__YOUR GOAL__:
The listing below has to be output exactly as given, less its pictures.

__EXTRACTED MATERIAL__:
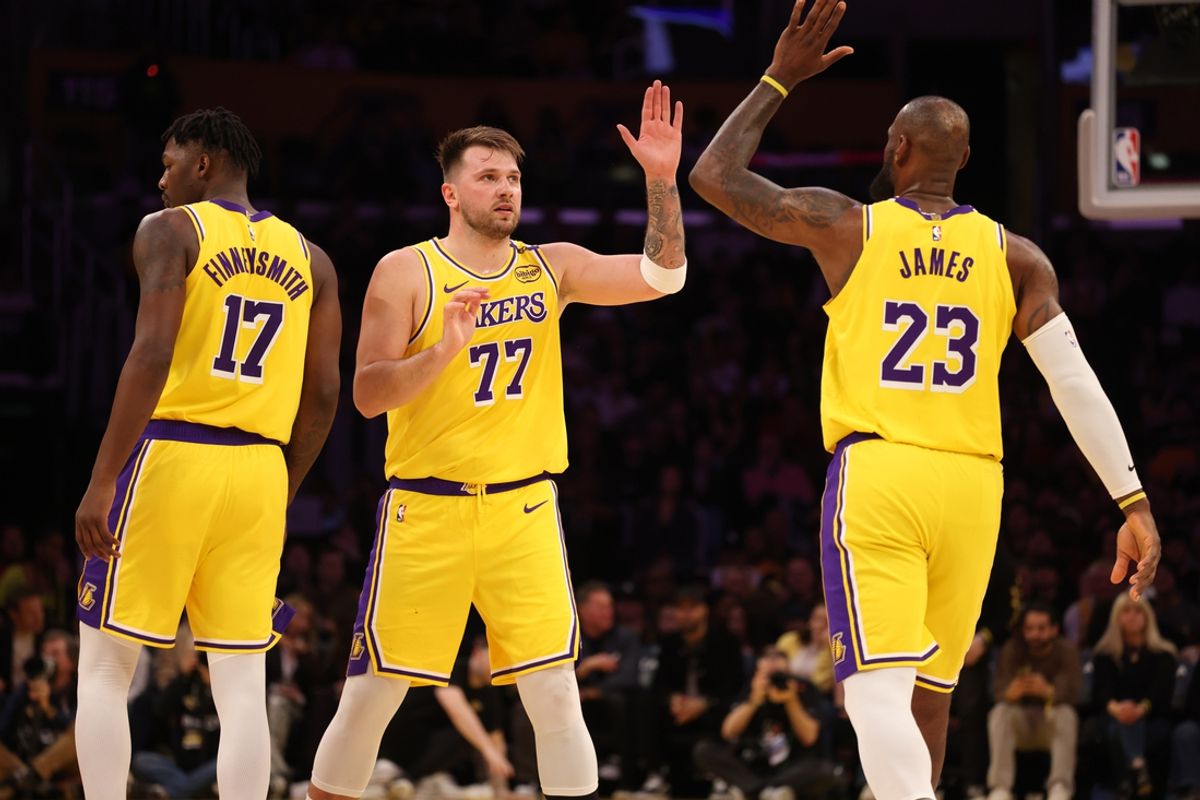 Feb 27, 2025; Los Angeles, California, USA; Los Angeles Lakers forward LeBron James (23) and guard Luka Doncic (77) react after a play during the first quarter against the Minnesota Timberwolves at Crypto.com Arena. Mandatory Credit: Jason Parkhurst-Imagn Images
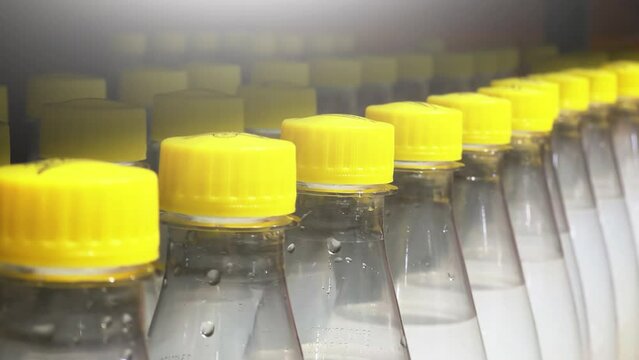 Plastic soda bottles lined up on supermarket shelves. Closeup 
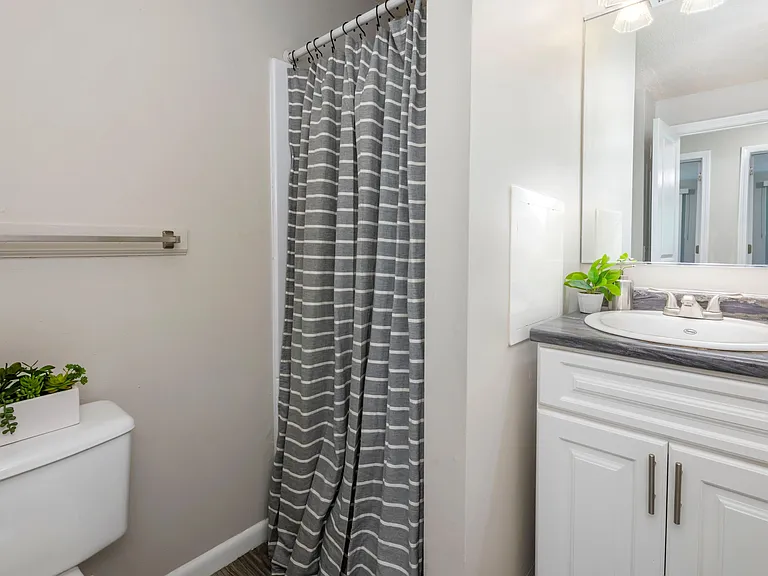 Our modern bathroom showcases black fusion granite-style countertops and a spacious walk-in shower. Your daily sanctuary awaits.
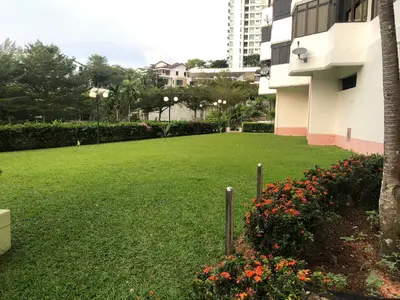 a large lawn in front of a building at Beach Resort Home Stay SRI SAYANG APARTMENT BATU FERRINGHI 2BEDROOM in Batu Ferringhi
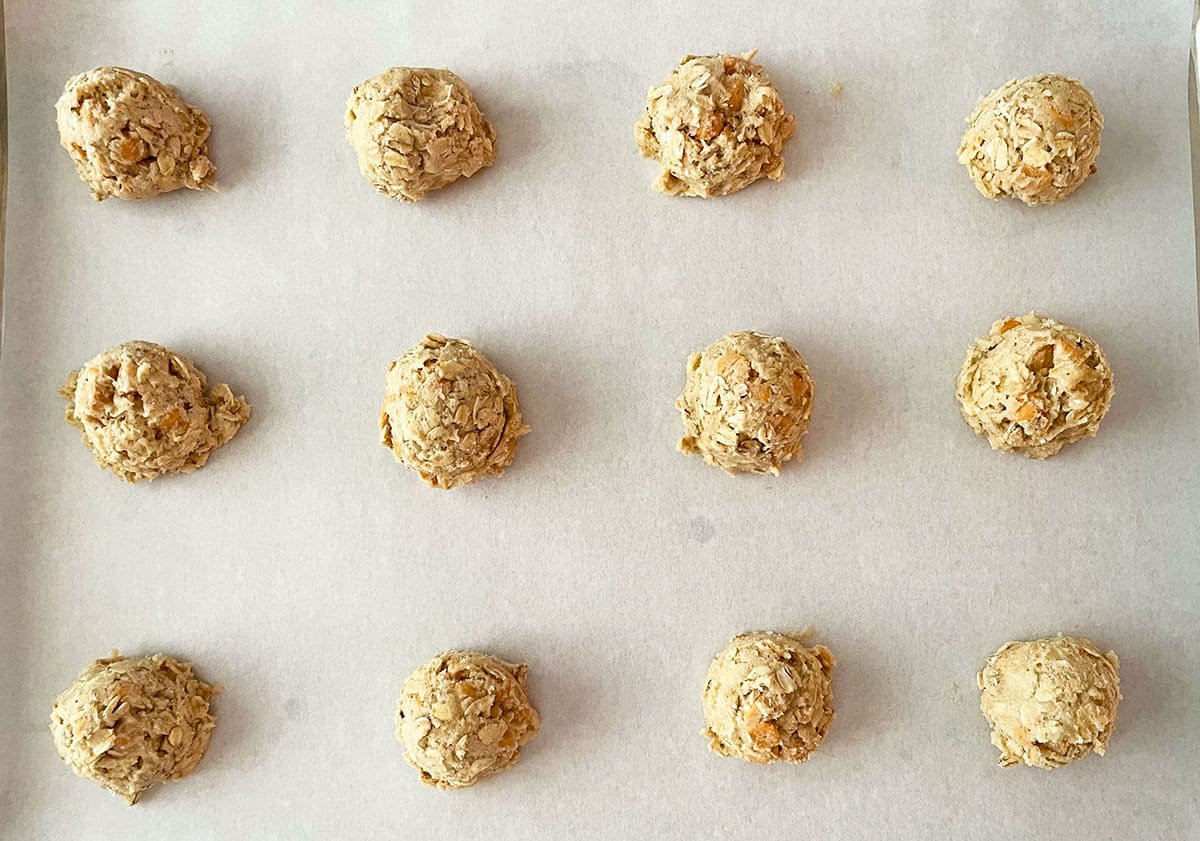 Twelve scooped cookie dough balls on a parchment lined cookie sheet pan.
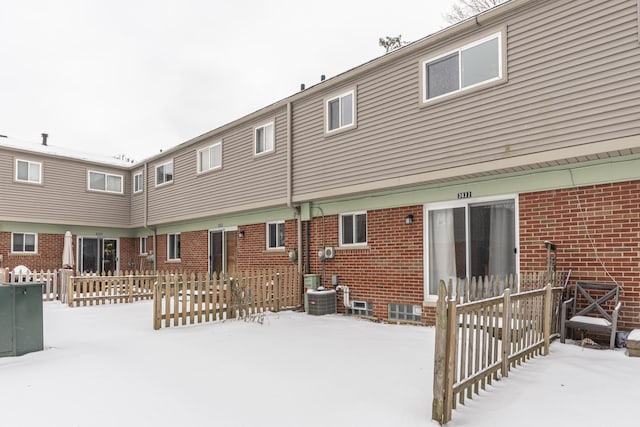 view of snow covered house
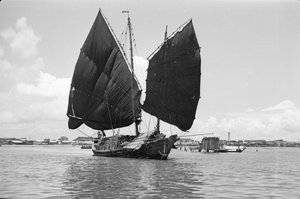 En klokkeformet havneskrot under seil i Singapore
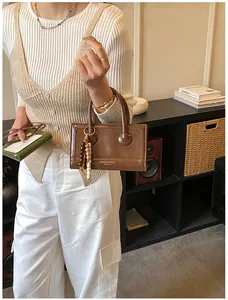 Détails du sac baguette en cuir marron avec chaîne perlée et logo de marque gravé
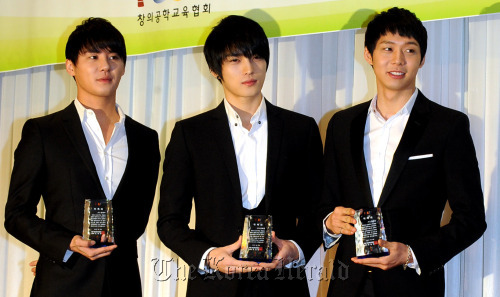 JYJ members Kim Jun-su (left), Kim Jae-joong (center) and Park Yoo-chun hold commemorative plaques at the appointment ceremony as goodwill ambassadors for the robot competition FLL KOREA in Seoul on Thursday. (Park Hyun-koo/The Korea Herald)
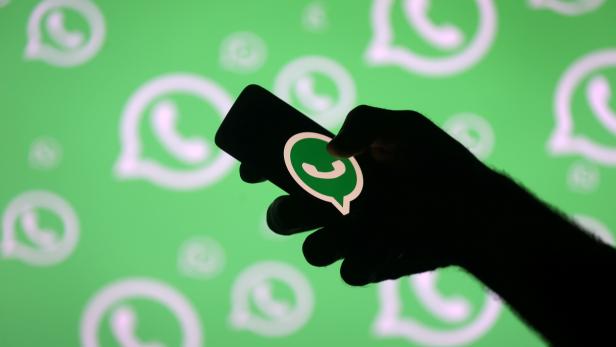 Eine Hand hält ein Smartphone mit dem WhatsApp-Logo vor einem grünen Hintergrund mit WhatsApp-Symbolen.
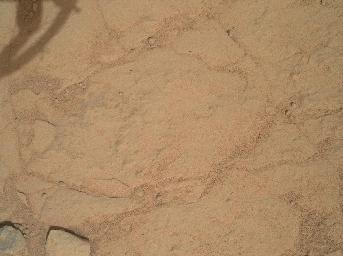 This set of images from NASA's Curiosity rover shows a patch of rock before and after it was cleaned by Curiosity's Dust Removal Tool (DRT).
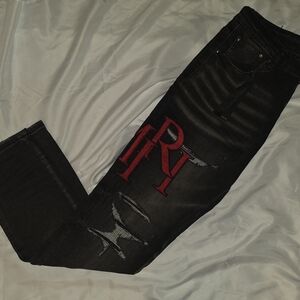 AMIRI Black Denim Jeans with Branded Leather Patch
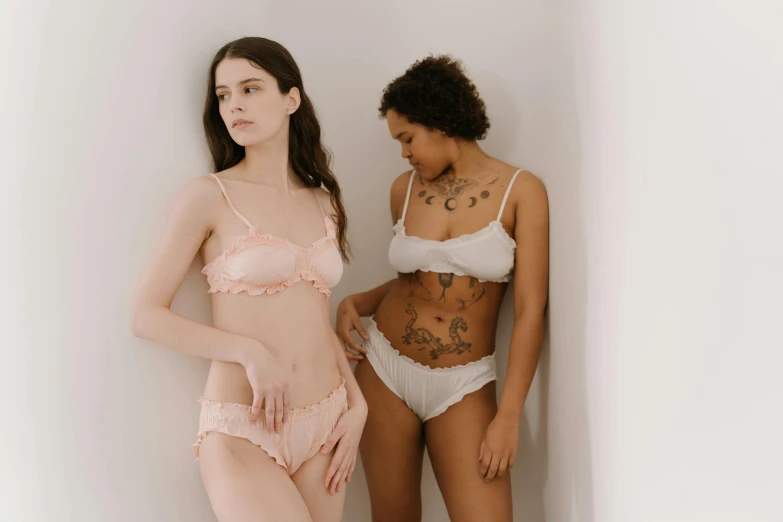 two women in underwear standing next to each other, trending on pexels, extremely pale, varying ethnicities, jovana rikalo, frills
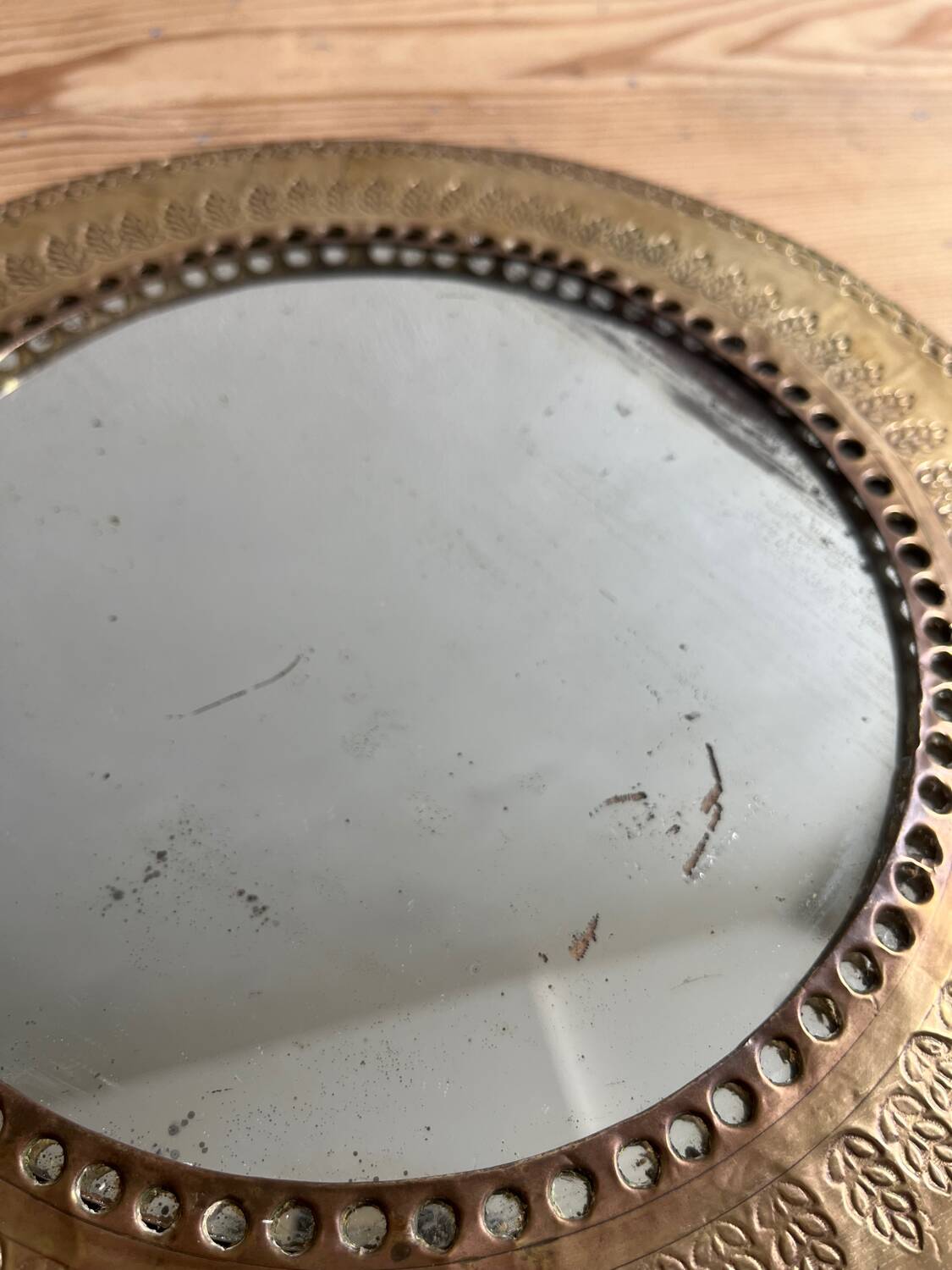 Round hammered brass mirror / vintage openwork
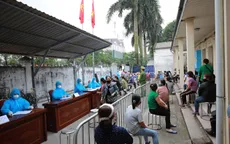 Hà Nội xét nghiệm nhanh sàng lọc COVID-19 cho tiểu thương chợ đầu mối Minh Khai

__WORKED SOLUTION__:
 Feb 27, 2025; Los Angeles, California, USA; Los Angeles Lakers forward LeBron James (23) and guard Luka Doncic (77) react after a play during the first quarter against the Minnesota Timberwolves at Crypto.com Arena. Mandatory Credit: Jason Parkhurst-Imagn Images
 Plastic soda bottles lined up on supermarket shelves. Closeup 
 Our modern bathroom showcases black fusion granite-style countertops and a spacious walk-in shower. Your daily sanctuary awaits.
 a large lawn in front of a building at Beach Resort Home Stay SRI SAYANG APARTMENT BATU FERRINGHI 2BEDROOM in Batu Ferringhi
 Twelve scooped cookie dough balls on a parchment lined cookie sheet pan.
 view of snow covered house
 En klokkeformet havneskrot under seil i Singapore
 Détails du sac baguette en cuir marron avec chaîne perlée et logo de marque gravé
 JYJ members Kim Jun-su (left), Kim Jae-joong (center) and Park Yoo-chun hold commemorative plaques at the appointment ceremony as goodwill ambassadors for the robot competition FLL KOREA in Seoul on Thursday. (Park Hyun-koo/The Korea Herald)
 Eine Hand hält ein Smartphone mit dem WhatsApp-Logo vor einem grünen Hintergrund mit WhatsApp-Symbolen.
 This set of images from NASA's Curiosity rover shows a patch of rock before and after it was cleaned by Curiosity's Dust Removal Tool (DRT).
 AMIRI Black Denim Jeans with Branded Leather Patch
 two women in underwear standing next to each other, trending on pexels, extremely pale, varying ethnicities, jovana rikalo, frills
 Round hammered brass mirror / vintage openwork
 Hà Nội xét nghiệm nhanh sàng lọc COVID-19 cho tiểu thương chợ đầu mối Minh Khai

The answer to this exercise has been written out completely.